Bir sürü şiire konu olmuş doğa olayı. Hakkında onlarca güzel şiir olsa da Nurullah Genç farklı bir şekilde baktığı için favorim odur.
"Yağmur, duysam içimin göklerinden sesini,
Yağarsın; taşlar bile yemyeşil filizlenir,
Yıldırımlar parçalar çirkefin gövdesini,
Sel gider ve zulmetin çöplüğü temizlenir,
Yağmur, bir gün kurtulup çağın kundaklarından,
Alsam, ölümsüzlüğü billur dudaklarından"
kesinlikle hayata dair en güzel şeylerden, sesinin güzelliğine doyamadığım lütuf, evrendeki en güzel doğa olayı.
tabiri caizse, insana yaşadığını bir tokat ile hatırlatır.
genelde hüzün çağrıştırmasına rağmen evde ya da arabadayken yağan yağmuru sevmeyecek insan düşünemiyorum.

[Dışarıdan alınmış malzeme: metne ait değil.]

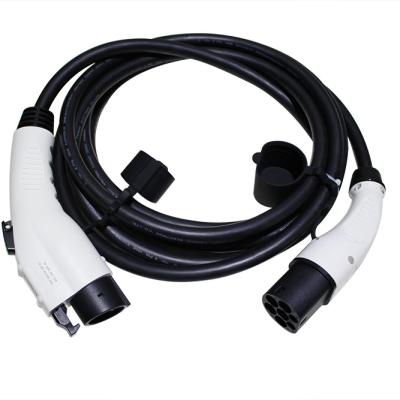 China Type 1 to type - 2 32A 5 meters charging leads for EV cable type 1 EV type - 2 16A wire j1772 62196 type 1 to type2 EV charging cable for sale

damlalar insanın tenine değer ve der ki: “sen yaşıyorsun.” yağmurdan sonra toprak kokusu yayılır, gelir burnuna, der ki: “sen yaşıyorsun.” sonra gökkuşağı çıkar, hayran hayran bakarsın, der ki: “sen yaşıyorsun.”
Eskiden daha güzeldi benim için...şimdi de güzel...ama eskisi kadar değil. Sorun yağmur da değil, bende. Ama yağmur beni hayata bağlayan tek şeydir yine de...öylesine yağmura aşık olan bir adamım ben işte. Evet.
sonbahar ve kış soğuk olması nedeniyle benim için inanılmaz itici mevsimlerdir, fakat o yağmurun sesi için her şeye katlanılabilir, insanı dinlendiren doğa olayıdır.